WORK ITEM:
All of the entries must be reproduced exactly, with no images carried over.

[Image-text web data]
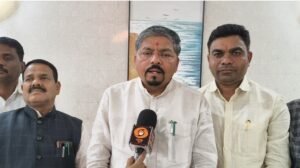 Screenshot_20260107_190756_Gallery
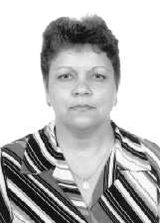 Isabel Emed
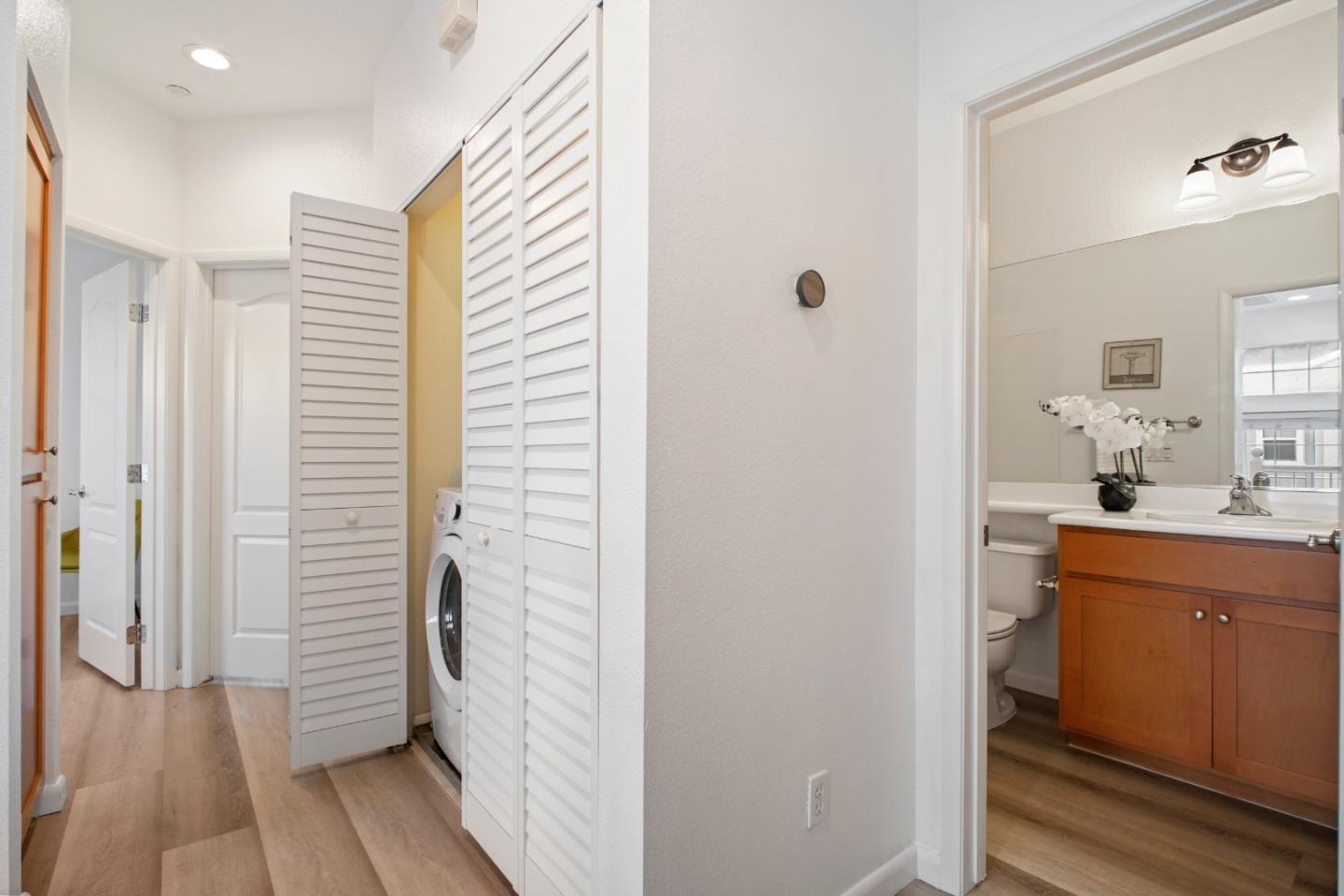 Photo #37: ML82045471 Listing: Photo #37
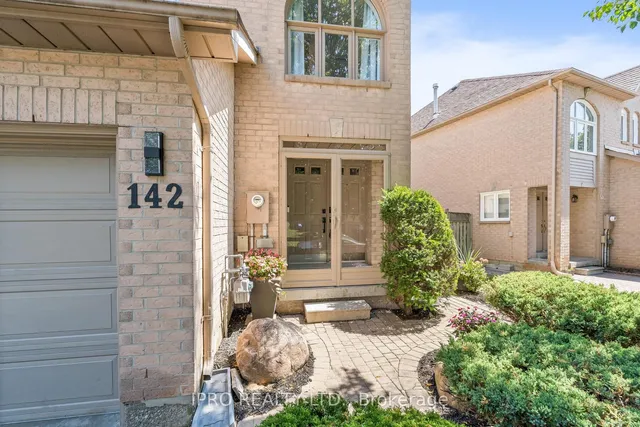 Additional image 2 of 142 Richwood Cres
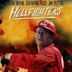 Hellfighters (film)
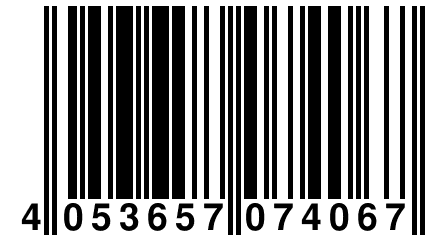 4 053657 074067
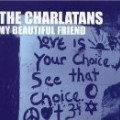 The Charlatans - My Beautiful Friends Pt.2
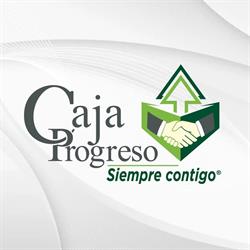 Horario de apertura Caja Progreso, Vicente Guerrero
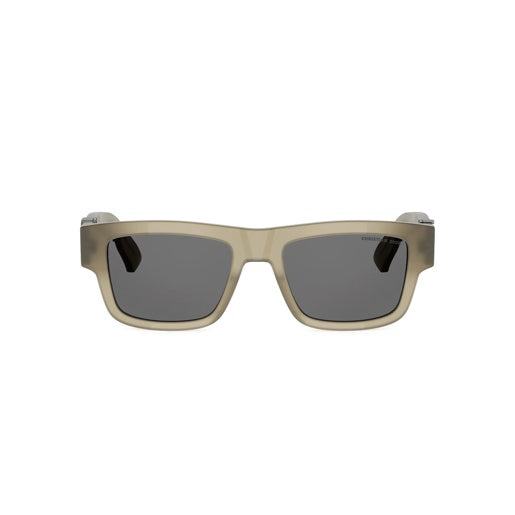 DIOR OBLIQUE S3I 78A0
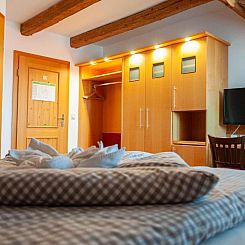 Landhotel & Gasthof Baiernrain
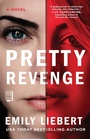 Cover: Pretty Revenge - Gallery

SOLUTION TO THIS PROBLEM:
 Screenshot_20260107_190756_Gallery
 Isabel Emed
 Photo #37: ML82045471 Listing: Photo #37
 Additional image 2 of 142 Richwood Cres
 Hellfighters (film)
 4 053657 074067
 The Charlatans - My Beautiful Friends Pt.2
 Horario de apertura Caja Progreso, Vicente Guerrero
 DIOR OBLIQUE S3I 78A0
 Landhotel & Gasthof Baiernrain
 Cover: Pretty Revenge - Gallery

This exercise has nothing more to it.